Today is Religious Freedom Day, a celebration of one of the powerful and unique freedoms within our nation’s founding and fabric. In 1992, the House and Senate joined together to pass a resolution designating January 16th as Religious Freedom Day. This day is based on the anniversary of the 1786 passage of the Virginia Statute for Religious Freedom, originally authored by Thomas Jefferson. Congress formally recognized that the “Statute of Virginia for Religious Freedom inspired and shaped the guarantees of religious freedom in the First Amendment.”
President George H. W. Bush issued the first proclamation in 1992, noting that “American law and institutions have been shaped by a view of man that recognizes the inherent rights and dignity of individuals.” For the last 24 years, each President has made an annual declaration and encouraged Americans to “observe this day through appropriate events and activities in homes, schools, and places of worship.”
To better understand the Founder’s intent for this precious right, we must return to the actual text of the 1786 statute. Most notably, it reads: “…no man shall be compelled to frequent or support any religious worship, place, or ministry whatsoever, nor shall be enforced …in his body or goods, nor shall otherwise suffer on account of his religious opinions or belief; but that all men shall be free to profess, and by argument to maintain, their opinion in matters of religion, and that the same shall in no wise diminish, enlarge, or affect their civil capacities.”
The Founders understood that there is a direct connection between the prosperity and health of a nation and its respect for human rights and religious freedom. Individual faith grows when people live free of government coercion and control. In America, any person can live their faith or choose to have no faith; in many parts of the world that simple truth is revolutionary.

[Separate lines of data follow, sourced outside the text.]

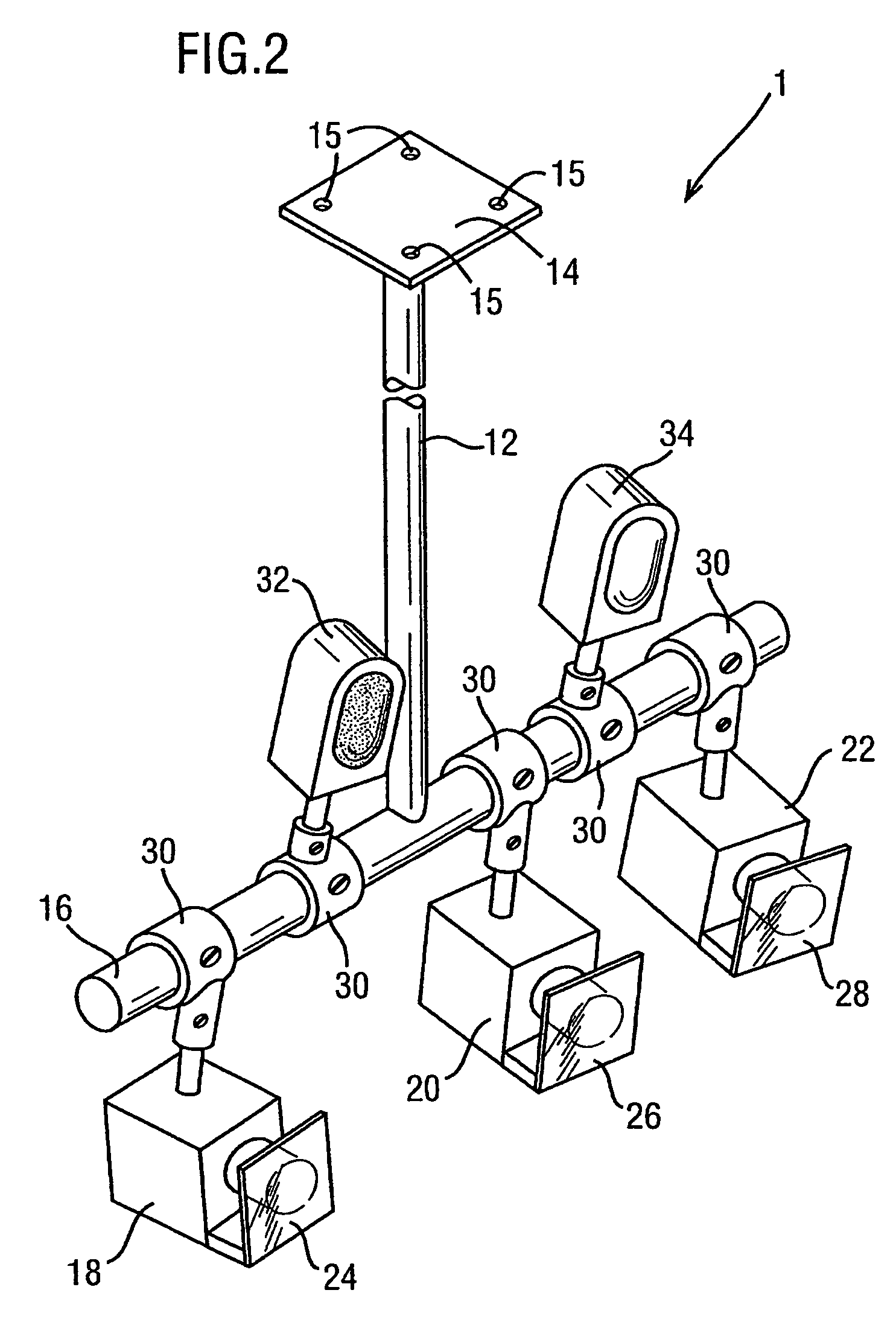 Image processing system for use with a patient positioning device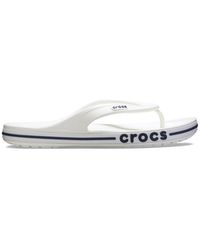 Crocs™ - | unisex | bayaband | flips | weiß | 37 - Lyst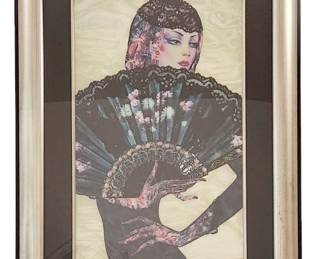 Martiros Manoukian Signed LE Portrait Serigraph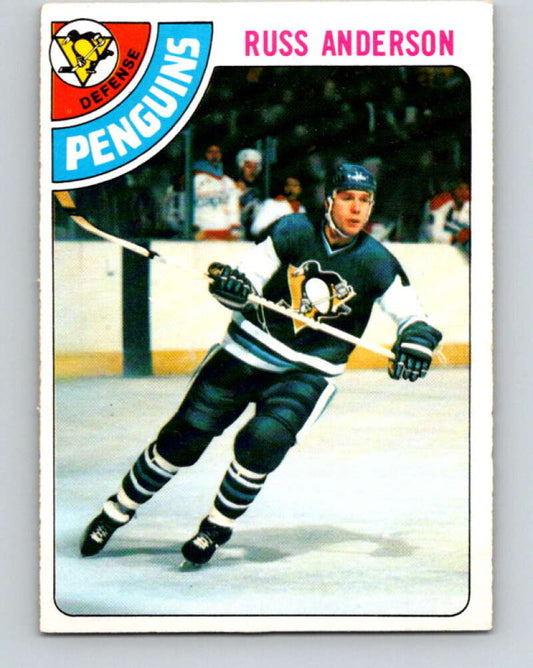 1978-79 O-Pee-Chee #156 Russ Anderson RC Rookie Penguins  V23091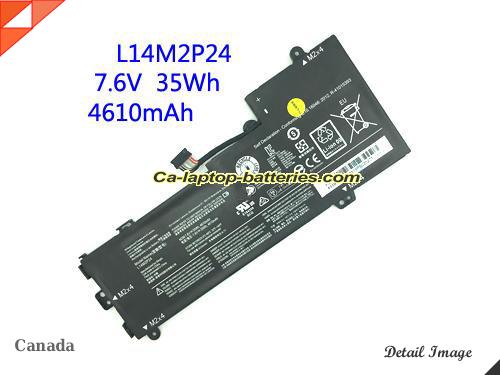 Genuine LENOVO E31-80 80MX0107GE Battery For laptop 4610mAh, 35Wh , 7.6V, Black , Li-ion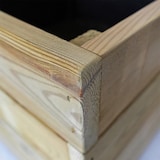 thumbnail of HORTALIA Jardinière carrée Pun 60 x 60 x 40 cm en bois traité pour extérieur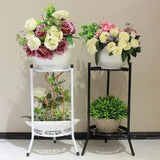 Plant Stand Indoor Outdoor, 2 Tiers Metal Potted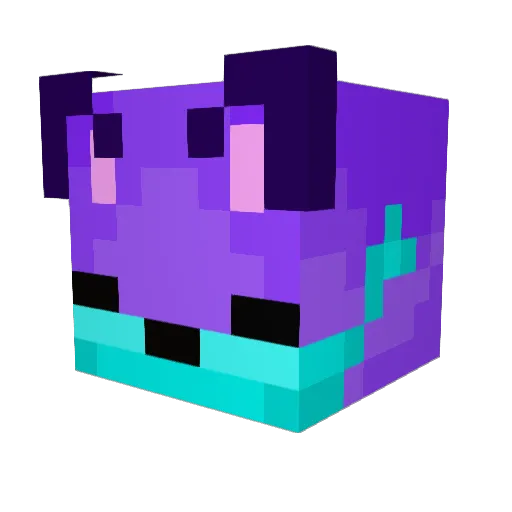 tantito Minecraft avatar head, 3D render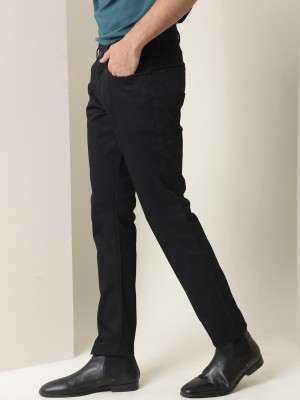 RARE RABBIT Slim Fit Men Black Trousers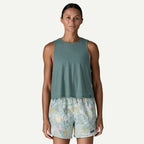 Patagonia Women's Capilene® Cool Trail Cropped Tank Top-Blue Sage | Patagonia | - Northshore Newquay - Surf/Skate Shop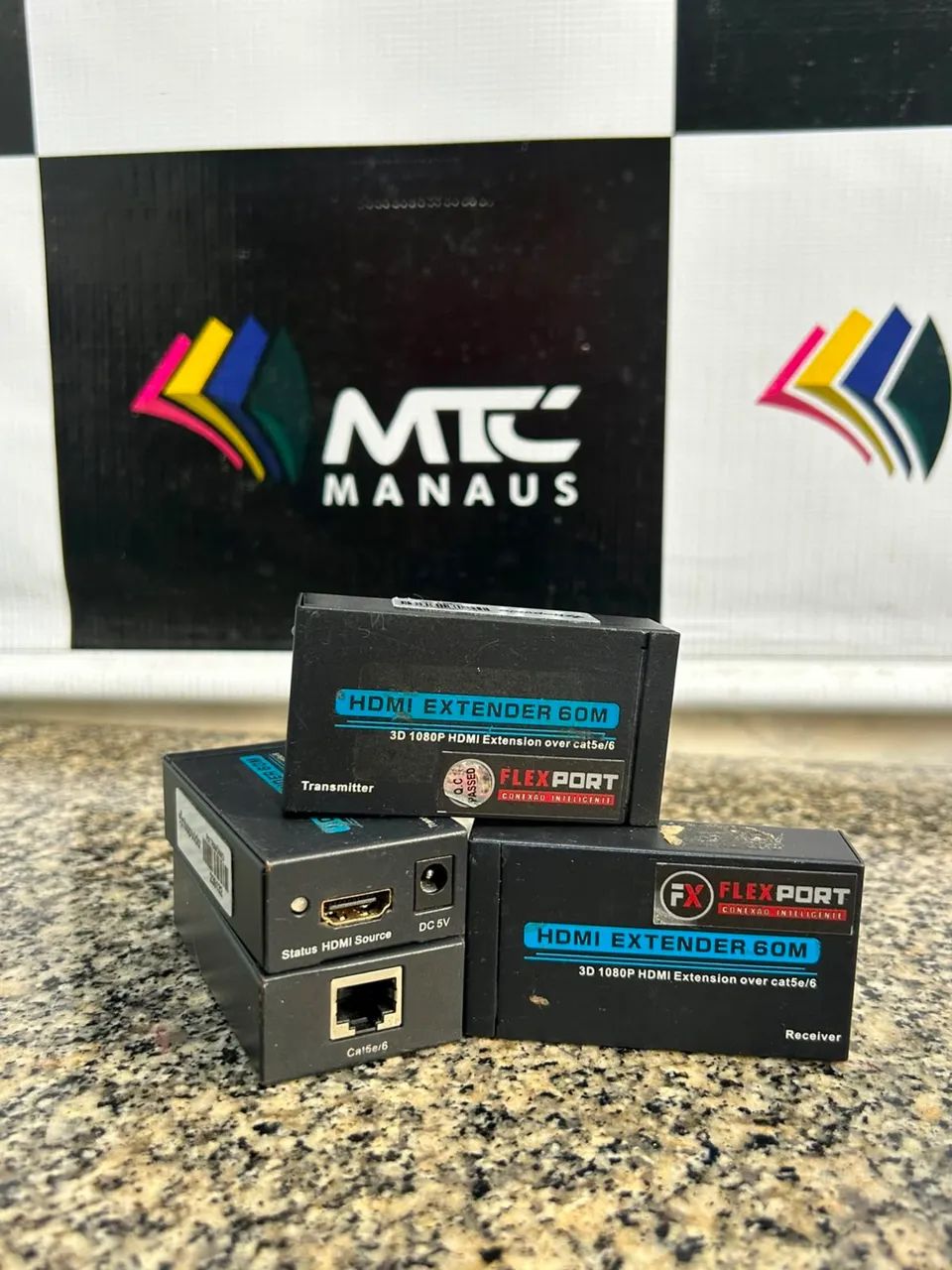 Extensor de rede cabo RJ45, Hdmi de até 60m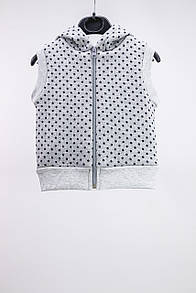 Тепла ясельна жилетка трикотаж на хутрі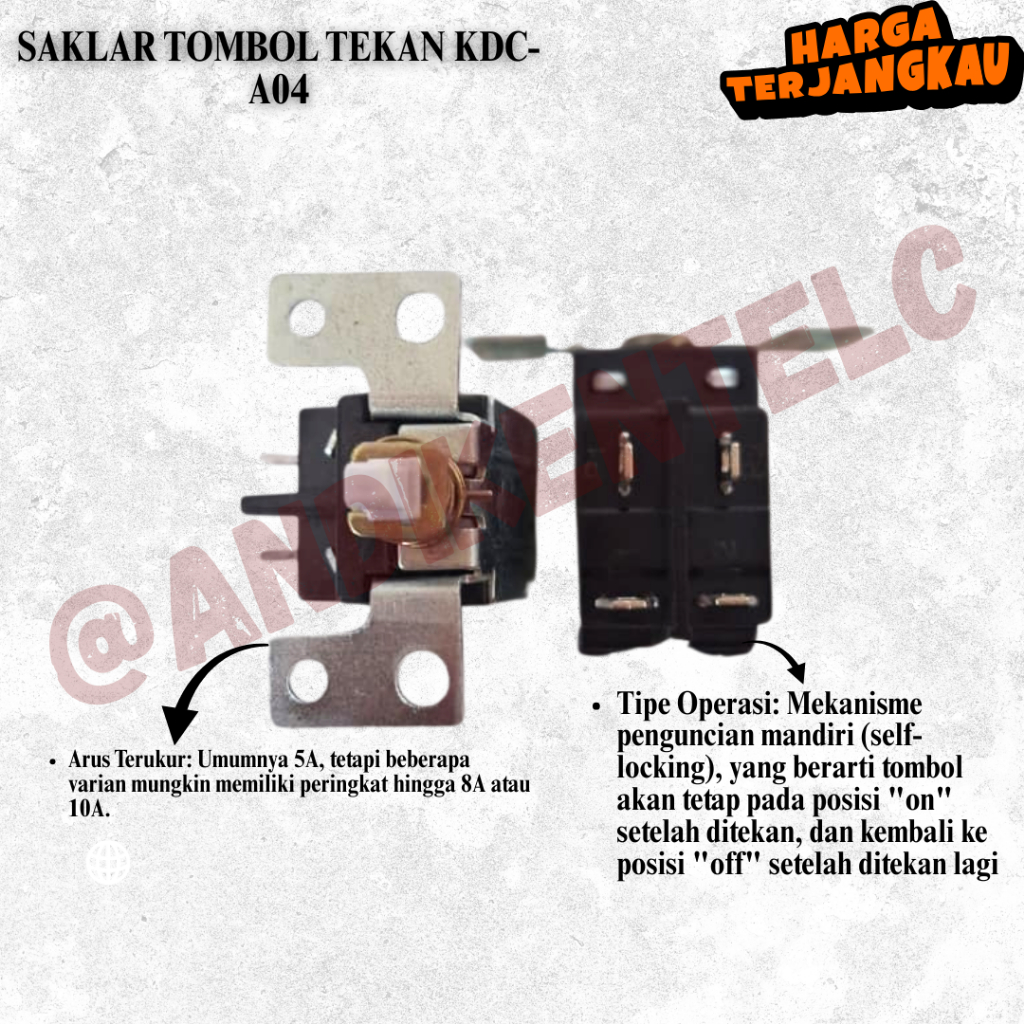 SAKLAR TOMBOL TEKAN KDC-A04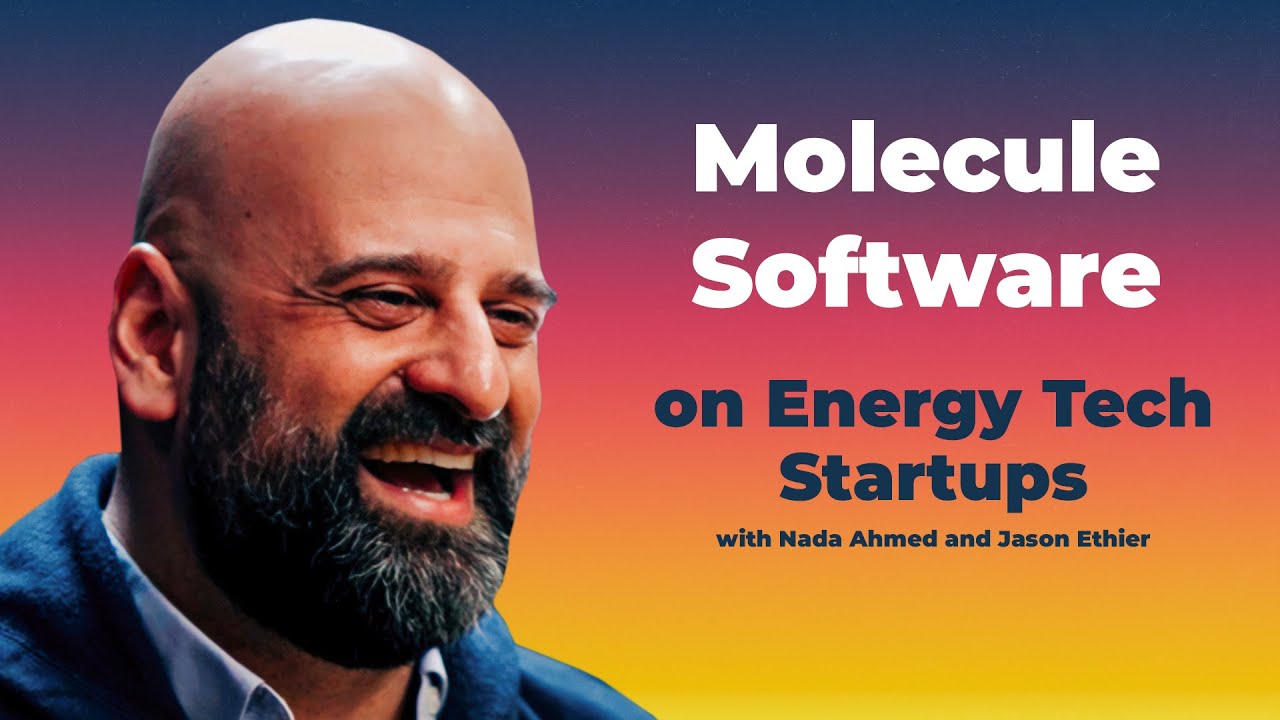 Sameer Soleja laughing in the promotional image for his Energy Tech Startups interview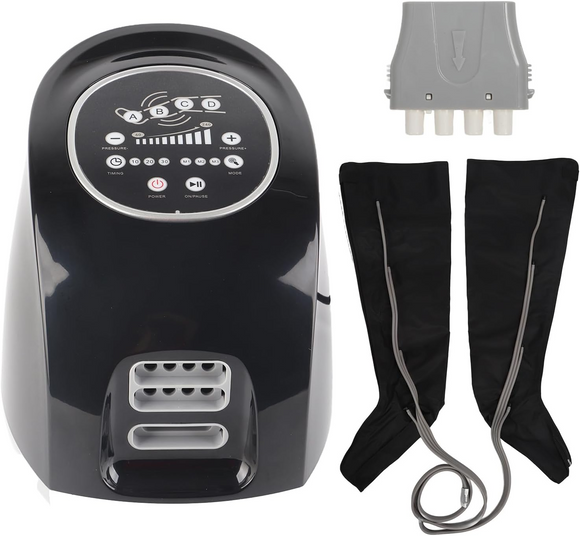 DVT 4 Chamber Digital Pump with 2 Legs Attachments for Enhanced Circulation & Lymphedema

This fundamental right at the core of our nation allows the United States to champion religious freedom around the world.
Our own State Department’s Office of International Religious Freedom appropriately reinforces this value by saying, “Given the U.S. commitment to religious freedom, and to the international covenants that guarantee it as the inalienable right of every human being, the United States seeks to: Promote freedom of religion and conscience throughout the world as a fundamental human right and as a source of stability for all countries.”
Over the last few years, there have been many heated conversations in our own country about the role of religious freedom in our society, like pubic prayer, abortion, college campus organization, religious symbols, and many others. Last summer’s Supreme Court decision affirming the right to live and work in accordance with one’s convictions was contentious, but the High Court reinforced the right of Americans to not just have a faith, but to actually enter the marketplace and practice that faith as well. Religion that is contained only within a church building is a weekend hobby, not a personal faith.
Our nation’s Founders fled from a regime of religious persecution, sacrificing their lives to birth a new place of liberty. They not only believed that religious freedom was fundamental to shape this new nation, but that religious freedom was a fundamental human right for all.
As we celebrate and recognize religious freedom today, let us reflect and remember that it has served as an important pillar of this nation from the start. For America to maintain its greatness, Washington must honor and prioritize religious freedom in public policy, as well as in culture. Our nation has not grown past freedom of faith, in many ways we have grown because of our freedom of faith.